И далее, подновляя сюжет, мы тем самым не оживляем искусство, не надо даже видеть картины на «новые сюжеты» из советской жизни, чтобы понять бессмысленность всех попыток к оживлению искусства. Однако, по моим утверждениям, такие попытки делаются официально, якобы во имя новой культуры, и это только доказывает, как я неоднократно об этом говорил, какой глубины падения достигла сейчас русская художественная жизнь. Я неоднократно задавал себе вопрос — чувствуют ли сами художники хоть какое-нибудь творческое волнение от всего этого? И здесь же прямо давал себе ответ — по-моему, они (художники) полностью деморализованы, потеряли совесть, чтобы говорить об искусстве, о качестве, а лишь можно слышать жалобы на то, что их никто не ценит и не покупает, т.е. «нечем жить».

В самой культуре, по моим утверждениям, происходит что-то такое, от чего творчество даже признанных, всеми уважаемых художников безжизненно и сдавленно.

Таким образом, исходя из сказанного, к периоду 1935 г. мои политические взгляды стали таковы, что я стал ярым противником политики Партии и Правительства в области искусства.<...>

Из допроса 19 сентября 1949 г.

<...> Я не отрицал роли великого русского наследия и русского реалистического искусства в целом; так, я всегда высоко ценил и говорил об этом в своих выступлениях творчество Сурикова, Ф. Васильева, большую часть работ Репина и других русских художников-передвижников, а также высоко ценил таких реалистов, как П. Соколов, Федотов и др. Специально занимался изучением творчества гениального русского художника Александра Иванова. <...> Я проработал в Русском музее 19 лет, и я не мог не ценить русского наследия реалистического искусства, отрицаю также и тот факт, что я якобы преклоняюсь перед формалистическим искусством современного Запада.<...> Я принципиально считаю, что художник не должен ни перед кем слепо преклоняться и <должен> идти своей доро-

 

- 422 -

гой, учась у тех мастеров, которые могут научить его делать хорошие картины. <...>

ИЗ ДОПРОСА СЕРОВА В.А., 1910 г.р.

<...> К ДЕЛУ №735-49

21 ноября 1949 г.

<...>

Вопрос: С какого времени знаете и какие взаимоотношения были у Вас с ним?

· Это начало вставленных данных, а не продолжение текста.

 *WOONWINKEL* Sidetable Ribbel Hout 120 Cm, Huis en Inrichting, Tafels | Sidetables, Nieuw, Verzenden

Ответ: Я знаю Пунина Николая Николаевича как преподавателя ЛАХ с 1930 г., но личного знакомства с ним не было. Примерно в 45—46-е гг. встречался с ним в Союзе художников. Пунин выступал на собраниях и конференциях, я с ним был не согласен. Других отношений у меня с ним не было.

Вопрос: Какие отношения у Вас с Джаковым?

Ответ: С Джаковым у меня взаимоотношения хорошие. Мы встречаемся с ним иногда и в домашней обстановке.

Вопрос: Какие отношения у Джакова с Пуниным?

Ответ: Мне сказать трудно, знакомы ли они, но Джаков не разделяет его взглядов и об этом выступал на страницах газет.

Вопрос: С кем общается Пунин?

Ответ: Я не знаю. По слухам, мне известно, что наиболее близкие отношения у него с художником Траугот.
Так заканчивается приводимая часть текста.